**Exercise instructions**
When the word "image" shows up in a line of the records below, copy that line.

**Supplied data**
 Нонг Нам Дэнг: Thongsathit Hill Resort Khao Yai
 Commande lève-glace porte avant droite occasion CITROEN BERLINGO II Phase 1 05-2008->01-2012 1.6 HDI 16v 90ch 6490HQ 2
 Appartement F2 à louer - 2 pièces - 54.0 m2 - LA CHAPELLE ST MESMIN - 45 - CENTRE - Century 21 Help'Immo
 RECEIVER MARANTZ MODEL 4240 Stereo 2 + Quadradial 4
==
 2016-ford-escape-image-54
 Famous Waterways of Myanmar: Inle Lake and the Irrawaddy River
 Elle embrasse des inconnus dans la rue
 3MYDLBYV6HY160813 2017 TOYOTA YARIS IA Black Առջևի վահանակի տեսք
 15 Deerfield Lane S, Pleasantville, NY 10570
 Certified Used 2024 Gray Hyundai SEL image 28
==
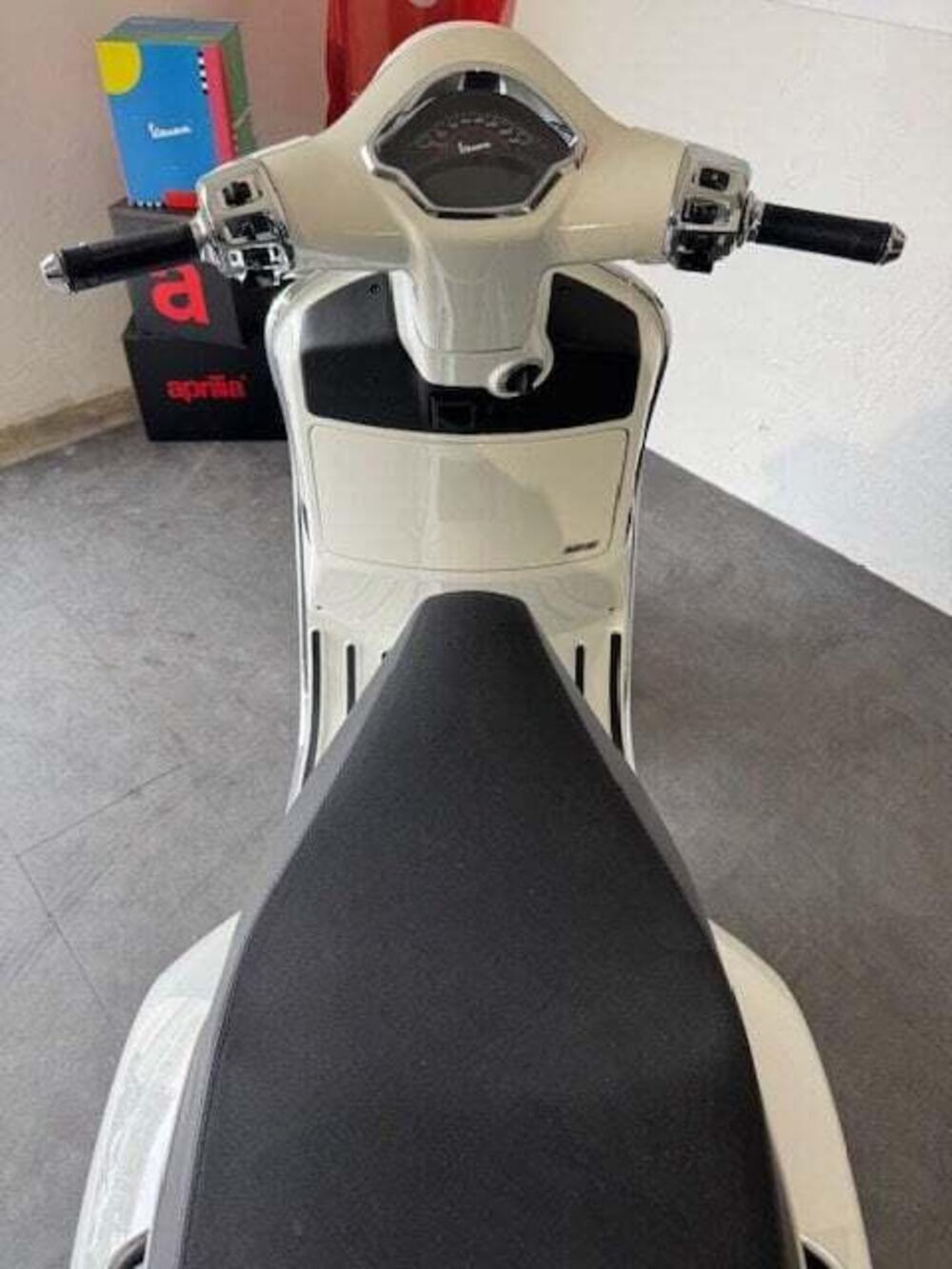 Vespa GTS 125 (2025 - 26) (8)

**Solution to this exercise**
 2016-ford-escape-image-54
 Certified Used 2024 Gray Hyundai SEL image 28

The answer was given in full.